A hand grabbed the back of my neck and slammed me face-down onto the cooling stone floor, away from the heat. Alaric was on top of me, his weight crushing the air out of my lungs. He wasn't being careful anymore.
"Are you trying to get us killed?" he roared over the sound of the crackling oil fire.
"I saved the engine!" I choked out, my face pressed into the grit and soot.
"You crossed the line."
He hauled me up by the waist, tossing me over his shoulder like a sack of grain. I kicked, my heels hitting his chest, but he didn't even flinch. He marched through the smoke, past the terrified smiths, and straight toward the heavy iron doors of the foundry's inner sanctum.
"Put me down! Alaric, let me go!"
He didn't. He threw me into the small, windowless office and slammed the door. The sound of the lock clicking was like a gunshot.
He turned to me, his face smeared with soot, his shirt torn at the shoulder.
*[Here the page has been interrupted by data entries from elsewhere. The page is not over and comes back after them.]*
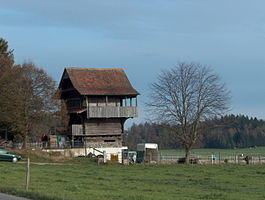 Bauernstockli Hamikon.jpg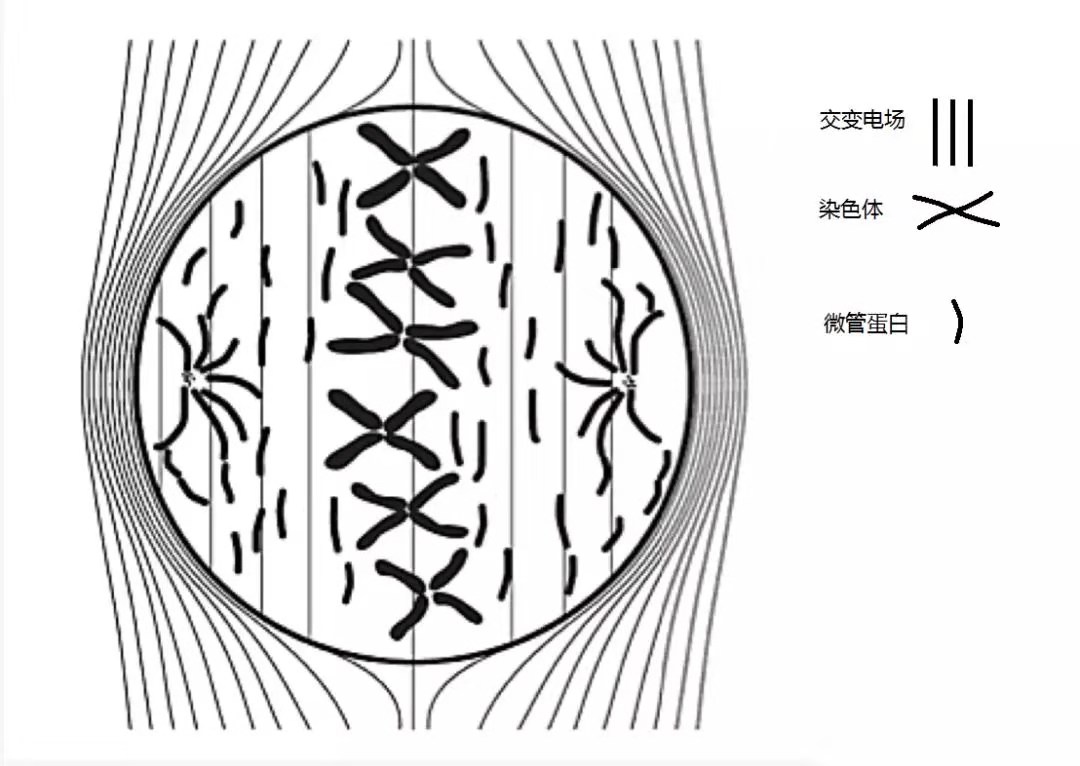 腫瘤電場治療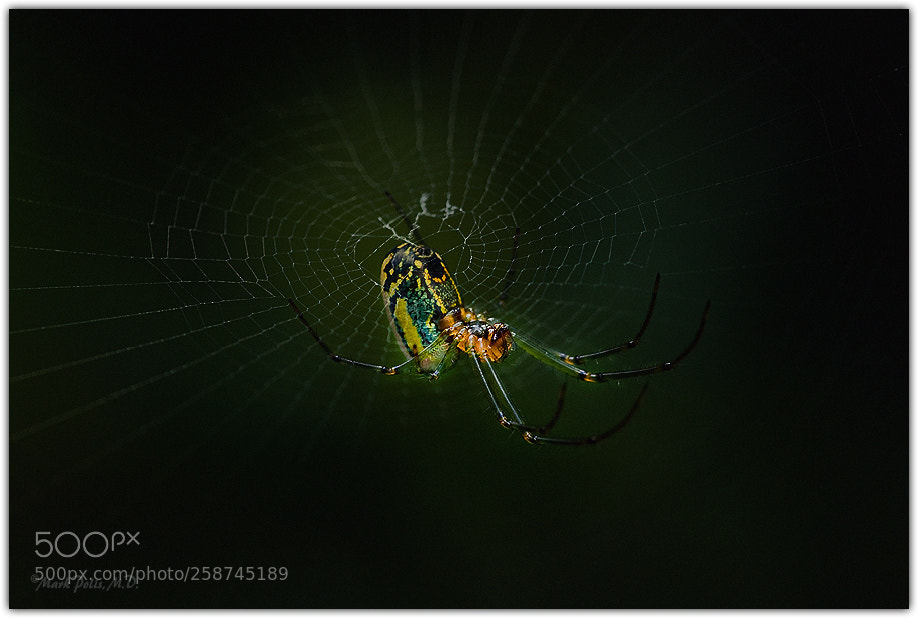 Canon EOS 50D sample photo. Orchard orb weaver sig photography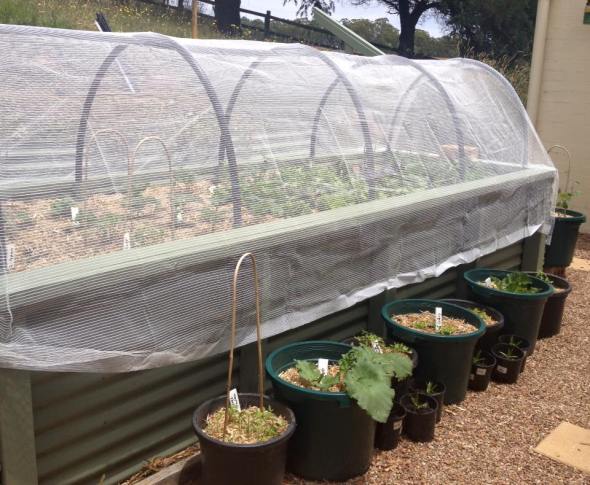 Veggie Garden - Sunday Musings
He looked like a man who was done being patient.
"You want to be a builder, Elowen? Fine. But you do it in the dark."
He reached into his pocket and pulled out a heavy iron chain. Before I could scream, he grabbed my ankle and snapped the cuff into place. The other end was bolted to the heavy oak desk.
"You stay here. You draw. You don't see the sun until the engine moves."
"You can't do this! I'm a noblewoman!"
"You're a prisoner of the Crown," he said, stepping back toward the door. "And I'm the only thing between you and the stake. Try to burn the floor again, and I'll make sure the next chain goes around your neck."
He walked out, and for the first time, he didn't look back.
I sat on the floor, the cold iron of the cuff biting into my skin. I looked at the desk, at the paper, and then at the door. I had saved the engine, but I had lost the only bit of humanity Alaric had left for me.
I reached for the pen, but my hand was shaking too hard to write.
Then I saw it. On the floor. A small, silver button that had ripped off Alaric's shirt when he'd tackled me.
It wasn't a blueprint. It wasn't an engine.
It was a piece of him I could sharpen.
I didn't cry. I didn't scream. I just picked up the button and started scraping at the grout in the floorboards.
If Alaric wanted to keep me in a cage, he was going to find out what happens when you trap something that knows how to dismantle everything it touches.
The silence of the room was broken only by the sound of metal on stone.
He had given me a desk, but he had also given me a grave.